- _What needs to be done_: Check the entries below for lines with "animal"; report only how many there are.
Data section Block Start
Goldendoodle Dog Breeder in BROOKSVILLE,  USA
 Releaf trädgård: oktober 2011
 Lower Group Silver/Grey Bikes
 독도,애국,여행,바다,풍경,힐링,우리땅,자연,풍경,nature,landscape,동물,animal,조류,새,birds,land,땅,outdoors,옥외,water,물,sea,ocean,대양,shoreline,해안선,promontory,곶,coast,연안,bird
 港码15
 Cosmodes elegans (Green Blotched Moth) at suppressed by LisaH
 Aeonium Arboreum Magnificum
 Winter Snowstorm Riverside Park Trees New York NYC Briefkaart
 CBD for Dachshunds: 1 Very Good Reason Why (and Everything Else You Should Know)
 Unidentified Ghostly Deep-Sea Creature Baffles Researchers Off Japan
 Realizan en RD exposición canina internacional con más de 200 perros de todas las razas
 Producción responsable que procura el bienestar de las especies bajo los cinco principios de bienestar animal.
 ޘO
Data section Block End
- _Reply to the exercise_: 2